Oleh:
Zilga Ekha Regina
No. BP. 1840312781
Penulis
Pada 30 Desember 2019, Wuhan Municipal Health Committet melaporkan terdapat kasus
pneumonia yang tidak diketahui etiologinya di Kota Wuhan, Provinsi Hubei, Cina. Pada
tanggal 31 Desember 2019 dilaporkan terdapat 27 kasus dan terus meningkat mencapai 59
orang dengan 7 kasus kondisi berat pada tanggal 5 Januari 2020. Tanggal 9 Januari 2020,
WHO (World Health Organization) mengkonfirmasi bahwa etiologi pneumonia tersebut
sebagai jenis baru coronavirus (coronavirus disease, COVID-19). Pada tanggal 30 Januari
2020 WHO telah menetapkan sebagai Kedaruratan Kesehatan Masyarakat Yang Meresahkan
Dunia/ Public Health Emergency of International Concern (KKMMD/PHEIC). Pada tanggal 2
Maret 2020, Indonesia telah melaporkan 2 kasus terkonfirmasi COVID-19. Pada tanggal 11
Maret 2020, WHO menetapkan bahwa COVID-19 sebagai pandemi
Saat ini, penyebaran SARS-CoV-2 dari manusia ke manusia menjadi sumber transmisi
utama. Transmisi SARS-CoV-2 dari pasien simptomatik terjadi melalui droplet yang keluar
saat batuk atau bersin.Manifestasi klinis pasien COVID-19 mulai dari tanpa gejala
(asimtomatik), gejala ringan, pneumonia, pneumonia berat, ARDS, sepsis, hingga syok sepsis.
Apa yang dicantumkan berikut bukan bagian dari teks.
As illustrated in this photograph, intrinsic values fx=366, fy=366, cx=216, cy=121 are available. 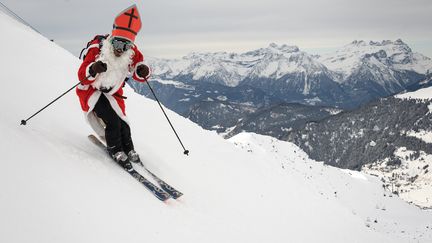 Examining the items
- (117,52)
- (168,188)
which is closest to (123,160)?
(168,188)

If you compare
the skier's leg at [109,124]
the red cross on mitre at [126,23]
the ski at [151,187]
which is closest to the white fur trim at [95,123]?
the skier's leg at [109,124]

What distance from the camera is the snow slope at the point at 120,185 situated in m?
4.32

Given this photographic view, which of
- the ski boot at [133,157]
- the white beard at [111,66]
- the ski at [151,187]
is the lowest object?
the ski at [151,187]

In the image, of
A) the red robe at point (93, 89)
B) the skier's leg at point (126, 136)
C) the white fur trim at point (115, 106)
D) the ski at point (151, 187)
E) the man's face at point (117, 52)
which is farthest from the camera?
the skier's leg at point (126, 136)

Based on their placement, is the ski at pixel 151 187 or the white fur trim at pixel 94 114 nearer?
the ski at pixel 151 187

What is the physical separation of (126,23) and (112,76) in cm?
104

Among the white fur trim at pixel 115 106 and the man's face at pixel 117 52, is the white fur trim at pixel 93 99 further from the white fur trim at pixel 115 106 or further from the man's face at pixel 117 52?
the man's face at pixel 117 52

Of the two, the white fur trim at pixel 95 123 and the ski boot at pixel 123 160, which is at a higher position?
the white fur trim at pixel 95 123

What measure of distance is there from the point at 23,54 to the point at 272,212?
30.4 feet

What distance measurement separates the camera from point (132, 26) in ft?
22.7

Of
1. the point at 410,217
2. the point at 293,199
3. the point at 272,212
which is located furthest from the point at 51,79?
the point at 410,217

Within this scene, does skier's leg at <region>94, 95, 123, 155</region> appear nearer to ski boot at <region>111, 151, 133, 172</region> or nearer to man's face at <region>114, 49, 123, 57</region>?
ski boot at <region>111, 151, 133, 172</region>

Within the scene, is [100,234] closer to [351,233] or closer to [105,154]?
[105,154]

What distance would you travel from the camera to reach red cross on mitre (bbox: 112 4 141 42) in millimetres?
6832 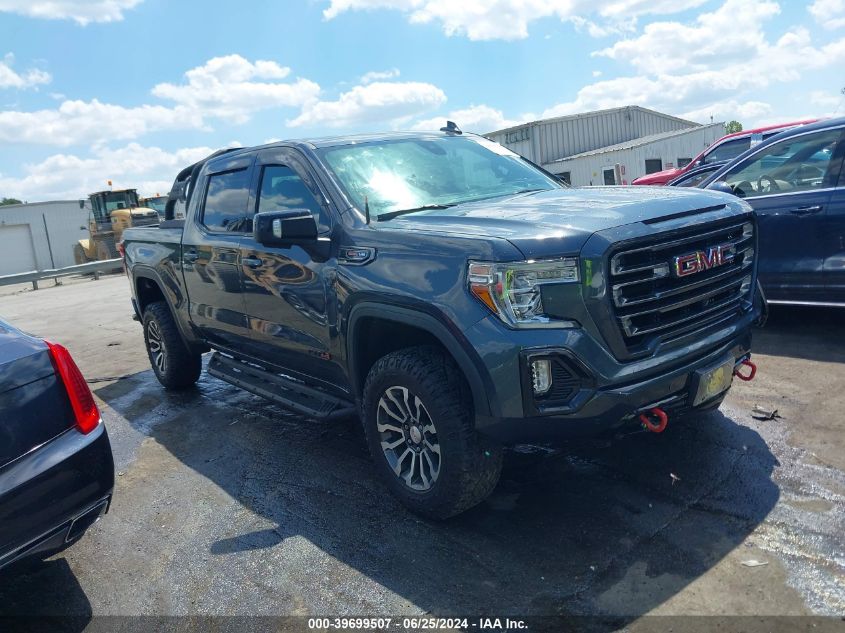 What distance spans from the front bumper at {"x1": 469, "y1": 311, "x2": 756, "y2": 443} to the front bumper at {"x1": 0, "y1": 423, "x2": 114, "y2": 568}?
1748mm

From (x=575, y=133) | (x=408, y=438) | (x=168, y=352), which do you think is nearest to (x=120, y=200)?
(x=575, y=133)

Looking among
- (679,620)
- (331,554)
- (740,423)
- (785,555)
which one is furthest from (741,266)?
(331,554)

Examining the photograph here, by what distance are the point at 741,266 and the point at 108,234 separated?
1136 inches

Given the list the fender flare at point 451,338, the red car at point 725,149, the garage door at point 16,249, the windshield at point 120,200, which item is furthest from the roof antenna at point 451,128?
the garage door at point 16,249

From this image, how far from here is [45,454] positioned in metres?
3.04

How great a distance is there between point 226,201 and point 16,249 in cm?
4704

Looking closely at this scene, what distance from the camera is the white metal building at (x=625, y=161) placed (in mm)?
24484

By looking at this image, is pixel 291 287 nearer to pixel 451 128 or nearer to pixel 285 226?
pixel 285 226

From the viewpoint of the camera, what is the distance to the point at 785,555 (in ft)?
9.98

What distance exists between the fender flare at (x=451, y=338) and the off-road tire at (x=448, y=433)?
11 cm

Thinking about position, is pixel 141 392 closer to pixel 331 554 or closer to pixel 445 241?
pixel 331 554

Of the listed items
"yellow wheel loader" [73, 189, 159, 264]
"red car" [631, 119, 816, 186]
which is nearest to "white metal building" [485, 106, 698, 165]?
"red car" [631, 119, 816, 186]

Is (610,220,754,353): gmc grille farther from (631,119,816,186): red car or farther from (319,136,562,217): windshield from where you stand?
(631,119,816,186): red car

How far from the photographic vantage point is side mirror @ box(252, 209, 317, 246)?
3.76 meters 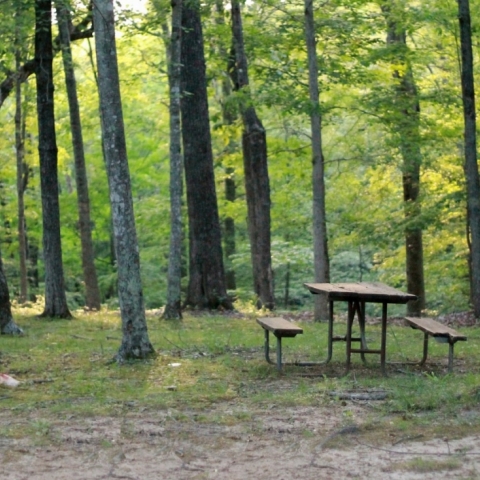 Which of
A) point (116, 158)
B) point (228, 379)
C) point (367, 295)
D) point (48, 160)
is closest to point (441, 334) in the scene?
point (367, 295)

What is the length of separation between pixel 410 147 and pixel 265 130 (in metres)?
3.65

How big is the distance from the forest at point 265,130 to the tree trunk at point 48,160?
4 cm

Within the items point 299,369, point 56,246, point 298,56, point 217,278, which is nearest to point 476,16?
point 298,56

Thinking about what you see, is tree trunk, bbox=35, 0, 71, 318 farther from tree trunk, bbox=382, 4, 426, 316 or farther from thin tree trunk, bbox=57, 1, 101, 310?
tree trunk, bbox=382, 4, 426, 316

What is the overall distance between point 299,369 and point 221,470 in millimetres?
4196

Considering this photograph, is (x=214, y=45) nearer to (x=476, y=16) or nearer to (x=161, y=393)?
(x=476, y=16)

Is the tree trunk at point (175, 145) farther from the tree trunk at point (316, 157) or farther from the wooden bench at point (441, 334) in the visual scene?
the wooden bench at point (441, 334)

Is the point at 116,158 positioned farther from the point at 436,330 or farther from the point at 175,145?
the point at 175,145

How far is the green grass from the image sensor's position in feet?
25.1

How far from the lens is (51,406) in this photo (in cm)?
802

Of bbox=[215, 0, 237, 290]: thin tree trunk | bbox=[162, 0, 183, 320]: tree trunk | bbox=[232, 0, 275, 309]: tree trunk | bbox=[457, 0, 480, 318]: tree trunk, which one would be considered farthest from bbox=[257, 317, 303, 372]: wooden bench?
bbox=[215, 0, 237, 290]: thin tree trunk

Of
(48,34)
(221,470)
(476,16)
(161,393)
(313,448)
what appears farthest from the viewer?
(476,16)

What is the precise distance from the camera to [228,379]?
9.43 m

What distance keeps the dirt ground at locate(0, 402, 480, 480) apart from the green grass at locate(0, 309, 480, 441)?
21cm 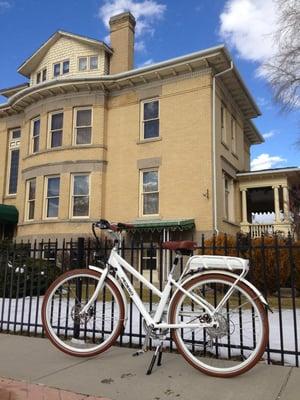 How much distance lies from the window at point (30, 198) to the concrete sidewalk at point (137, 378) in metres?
16.8

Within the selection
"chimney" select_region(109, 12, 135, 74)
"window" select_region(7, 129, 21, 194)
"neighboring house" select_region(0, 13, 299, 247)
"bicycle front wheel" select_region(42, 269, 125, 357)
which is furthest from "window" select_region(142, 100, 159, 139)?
"bicycle front wheel" select_region(42, 269, 125, 357)

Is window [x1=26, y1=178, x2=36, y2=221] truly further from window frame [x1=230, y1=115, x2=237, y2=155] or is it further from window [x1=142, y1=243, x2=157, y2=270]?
window frame [x1=230, y1=115, x2=237, y2=155]

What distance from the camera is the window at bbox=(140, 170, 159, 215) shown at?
61.9 ft

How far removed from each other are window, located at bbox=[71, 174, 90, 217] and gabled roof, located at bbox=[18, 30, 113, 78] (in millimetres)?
7186

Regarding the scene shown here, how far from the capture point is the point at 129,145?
19875 millimetres

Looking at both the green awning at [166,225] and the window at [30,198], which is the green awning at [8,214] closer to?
the window at [30,198]

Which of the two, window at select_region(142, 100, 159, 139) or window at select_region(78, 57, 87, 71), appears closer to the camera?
window at select_region(142, 100, 159, 139)

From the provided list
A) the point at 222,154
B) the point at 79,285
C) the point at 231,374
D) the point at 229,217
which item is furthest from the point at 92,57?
the point at 231,374

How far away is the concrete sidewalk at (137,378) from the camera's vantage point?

Sekitar 80% kasus tergolong ringan atau sedang, 13,8% mengalami sakit berat, dan sebanyak
6,1% pasien jatuh ke dalam keadaan kritis. Berapa besar proporsi infeksi asimtomatik belum
diketahui. Viremia dan viral load yang tinggi dari swab nasofaring pada pasien yang
asimptomatik telah dilaporkan.8
Berdasarkan data yang sudah ada, penyakit komorbid hipertensi dan diabetes melitus,
jenis kelamin laki-laki, dan perokok aktif merupakan faktor risiko dari infeksi SARS-CoV-2.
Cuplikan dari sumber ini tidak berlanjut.